Task
In this exercise, print only the lines of the records below from the one with "Princeton Health staff" through the one with "idées de design", inclusive. Pictures are not part of the copy.

Raw data: Begin

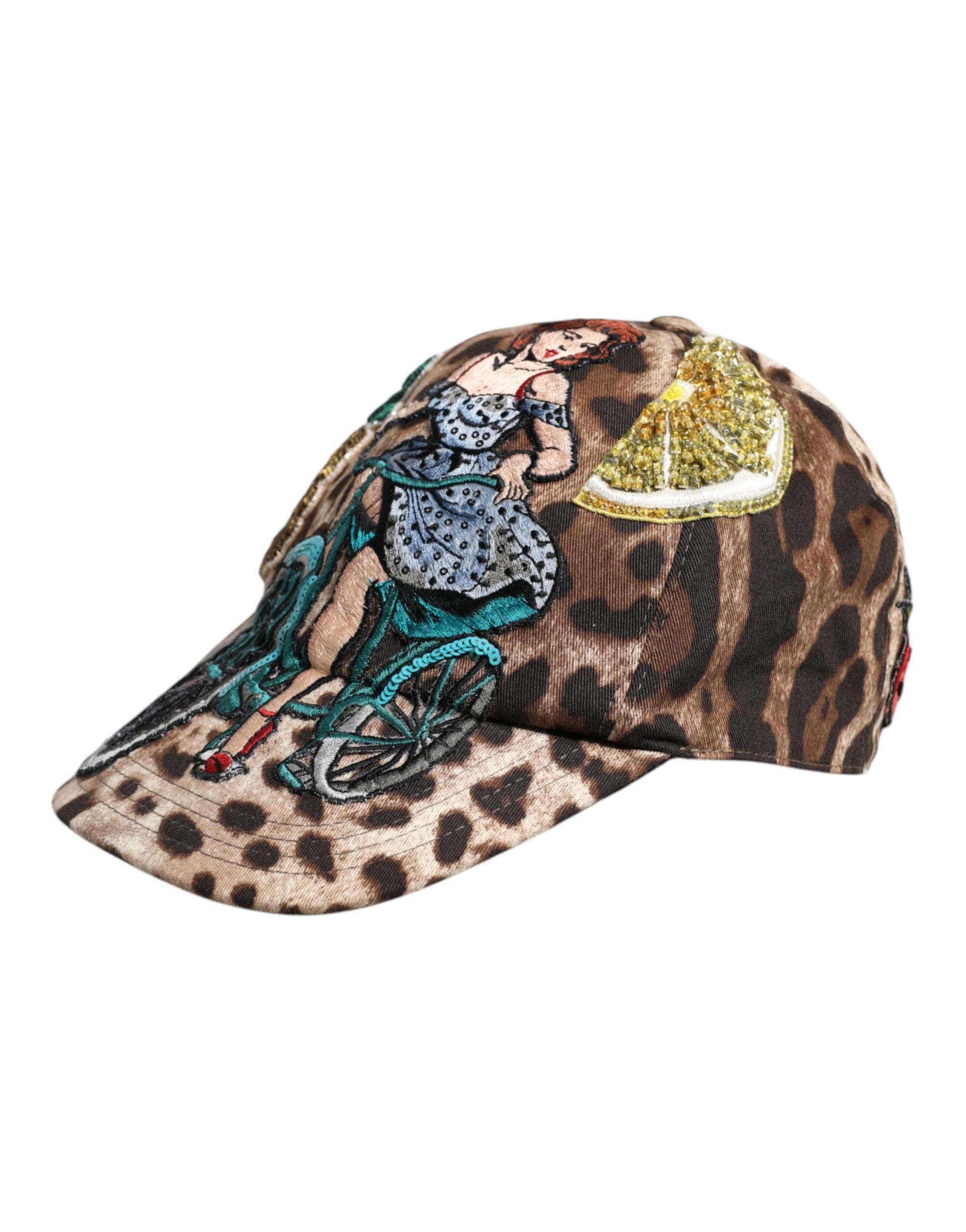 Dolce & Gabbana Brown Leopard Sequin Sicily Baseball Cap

Raw data: End
Raw data: Begin

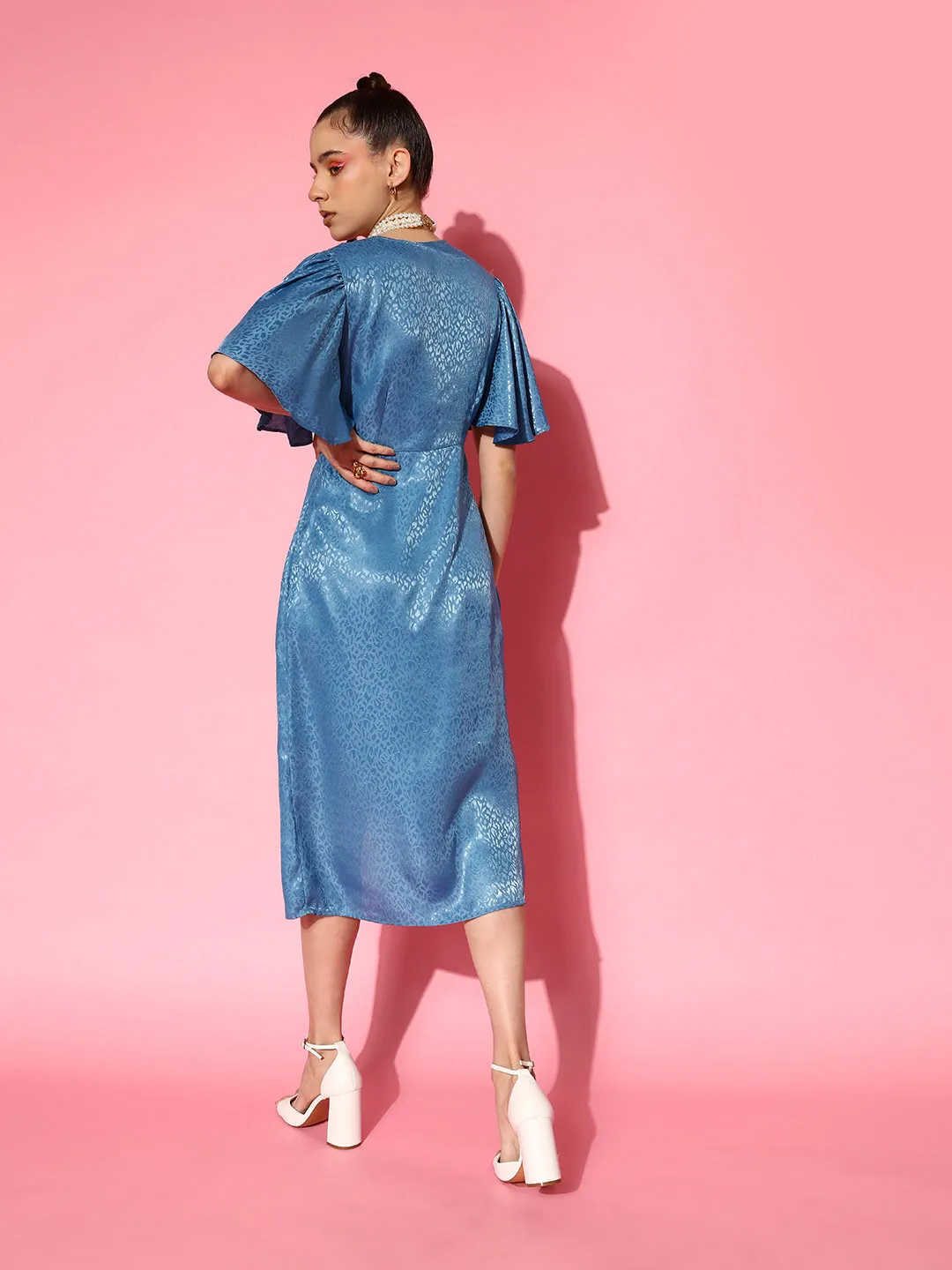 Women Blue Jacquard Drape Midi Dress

Raw data: End
Raw data: Begin

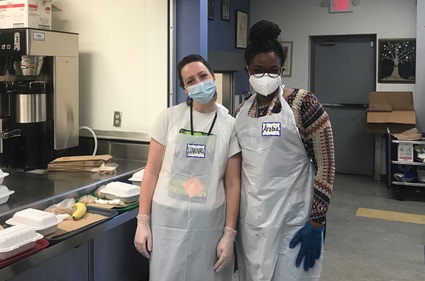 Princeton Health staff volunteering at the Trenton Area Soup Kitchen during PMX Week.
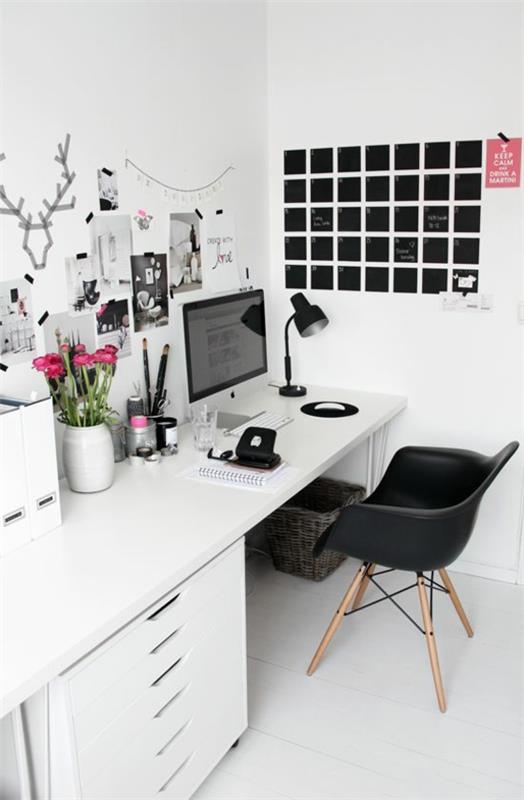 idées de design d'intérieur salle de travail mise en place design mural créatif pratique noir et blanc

Raw data: End

Reply to the exercise
 Princeton Health staff volunteering at the Trenton Area Soup Kitchen during PMX Week.
 idées de design d'intérieur salle de travail mise en place design mural créatif pratique noir et blanc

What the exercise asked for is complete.